RECORDS PROVIDED
----

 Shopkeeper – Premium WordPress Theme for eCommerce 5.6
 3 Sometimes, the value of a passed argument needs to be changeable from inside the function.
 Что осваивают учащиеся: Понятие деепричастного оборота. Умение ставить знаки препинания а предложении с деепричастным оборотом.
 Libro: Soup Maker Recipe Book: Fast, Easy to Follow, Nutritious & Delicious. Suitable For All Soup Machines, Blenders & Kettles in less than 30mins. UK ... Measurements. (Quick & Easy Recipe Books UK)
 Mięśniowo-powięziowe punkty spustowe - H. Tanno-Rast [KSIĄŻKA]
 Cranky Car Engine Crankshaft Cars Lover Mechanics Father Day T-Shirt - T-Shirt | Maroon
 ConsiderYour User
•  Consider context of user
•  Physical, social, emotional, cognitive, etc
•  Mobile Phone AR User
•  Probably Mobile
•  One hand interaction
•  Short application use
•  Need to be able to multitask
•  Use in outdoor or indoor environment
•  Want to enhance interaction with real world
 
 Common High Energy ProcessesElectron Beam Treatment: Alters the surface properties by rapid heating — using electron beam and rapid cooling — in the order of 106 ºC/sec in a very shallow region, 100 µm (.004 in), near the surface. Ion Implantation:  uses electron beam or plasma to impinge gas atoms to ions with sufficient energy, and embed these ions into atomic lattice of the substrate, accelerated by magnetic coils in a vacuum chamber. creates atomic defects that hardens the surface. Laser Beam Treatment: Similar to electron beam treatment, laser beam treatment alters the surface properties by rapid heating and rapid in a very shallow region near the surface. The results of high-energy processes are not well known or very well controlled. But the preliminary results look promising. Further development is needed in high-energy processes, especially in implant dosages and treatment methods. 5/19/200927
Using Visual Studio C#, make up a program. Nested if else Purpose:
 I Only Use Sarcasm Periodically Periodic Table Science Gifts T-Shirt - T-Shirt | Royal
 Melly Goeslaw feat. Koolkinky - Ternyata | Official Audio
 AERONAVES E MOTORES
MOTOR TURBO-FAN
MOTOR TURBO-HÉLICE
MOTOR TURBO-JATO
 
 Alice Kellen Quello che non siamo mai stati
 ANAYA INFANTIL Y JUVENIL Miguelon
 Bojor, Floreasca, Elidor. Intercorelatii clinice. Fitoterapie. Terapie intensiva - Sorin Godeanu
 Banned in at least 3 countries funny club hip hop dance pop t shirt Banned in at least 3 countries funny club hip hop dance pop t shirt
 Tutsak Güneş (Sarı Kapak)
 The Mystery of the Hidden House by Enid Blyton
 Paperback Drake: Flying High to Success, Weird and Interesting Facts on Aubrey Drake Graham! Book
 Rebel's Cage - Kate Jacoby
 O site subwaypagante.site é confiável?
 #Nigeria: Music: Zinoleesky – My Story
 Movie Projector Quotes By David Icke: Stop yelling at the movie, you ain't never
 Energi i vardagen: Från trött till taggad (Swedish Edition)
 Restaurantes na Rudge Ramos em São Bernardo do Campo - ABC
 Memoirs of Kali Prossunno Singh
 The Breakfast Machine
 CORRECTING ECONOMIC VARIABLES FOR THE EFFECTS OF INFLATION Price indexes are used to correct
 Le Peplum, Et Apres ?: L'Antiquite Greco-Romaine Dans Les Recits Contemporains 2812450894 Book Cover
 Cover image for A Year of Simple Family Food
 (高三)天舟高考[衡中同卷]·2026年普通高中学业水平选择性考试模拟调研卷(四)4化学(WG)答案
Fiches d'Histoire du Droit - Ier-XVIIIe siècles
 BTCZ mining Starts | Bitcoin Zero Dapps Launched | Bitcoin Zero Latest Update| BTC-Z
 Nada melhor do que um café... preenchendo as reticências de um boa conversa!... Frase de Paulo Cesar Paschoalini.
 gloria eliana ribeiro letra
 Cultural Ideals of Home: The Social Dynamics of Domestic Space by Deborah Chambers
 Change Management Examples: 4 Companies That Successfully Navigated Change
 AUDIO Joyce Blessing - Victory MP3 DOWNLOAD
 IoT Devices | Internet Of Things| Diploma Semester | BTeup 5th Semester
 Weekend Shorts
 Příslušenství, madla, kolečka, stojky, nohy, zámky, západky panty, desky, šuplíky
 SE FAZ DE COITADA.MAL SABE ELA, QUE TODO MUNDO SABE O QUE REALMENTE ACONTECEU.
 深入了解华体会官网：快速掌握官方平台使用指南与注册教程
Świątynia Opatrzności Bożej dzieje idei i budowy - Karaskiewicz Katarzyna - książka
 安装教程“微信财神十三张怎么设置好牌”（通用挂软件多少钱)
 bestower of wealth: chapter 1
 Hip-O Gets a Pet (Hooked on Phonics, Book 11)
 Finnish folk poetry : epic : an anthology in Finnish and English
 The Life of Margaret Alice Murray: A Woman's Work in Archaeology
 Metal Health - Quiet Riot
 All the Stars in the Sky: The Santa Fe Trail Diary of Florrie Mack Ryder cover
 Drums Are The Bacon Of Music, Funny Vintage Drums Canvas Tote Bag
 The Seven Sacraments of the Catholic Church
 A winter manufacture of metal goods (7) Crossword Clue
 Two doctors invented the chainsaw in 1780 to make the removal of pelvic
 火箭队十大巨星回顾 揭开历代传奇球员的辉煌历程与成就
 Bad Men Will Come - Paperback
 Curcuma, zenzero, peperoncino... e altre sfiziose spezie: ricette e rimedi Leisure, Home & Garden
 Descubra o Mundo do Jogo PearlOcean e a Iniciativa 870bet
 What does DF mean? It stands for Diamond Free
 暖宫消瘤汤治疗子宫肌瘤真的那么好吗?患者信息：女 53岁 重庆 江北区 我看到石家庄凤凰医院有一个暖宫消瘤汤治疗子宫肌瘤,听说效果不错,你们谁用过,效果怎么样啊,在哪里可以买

----

ASSIGNMENT
For each line in the records that contains the word "with", make a copy.

FINISHED TASK
•  Want to enhance interaction with real world
 Common High Energy ProcessesElectron Beam Treatment: Alters the surface properties by rapid heating — using electron beam and rapid cooling — in the order of 106 ºC/sec in a very shallow region, 100 µm (.004 in), near the surface. Ion Implantation:  uses electron beam or plasma to impinge gas atoms to ions with sufficient energy, and embed these ions into atomic lattice of the substrate, accelerated by magnetic coils in a vacuum chamber. creates atomic defects that hardens the surface. Laser Beam Treatment: Similar to electron beam treatment, laser beam treatment alters the surface properties by rapid heating and rapid in a very shallow region near the surface. The results of high-energy processes are not well known or very well controlled. But the preliminary results look promising. Further development is needed in high-energy processes, especially in implant dosages and treatment methods. 5/19/200927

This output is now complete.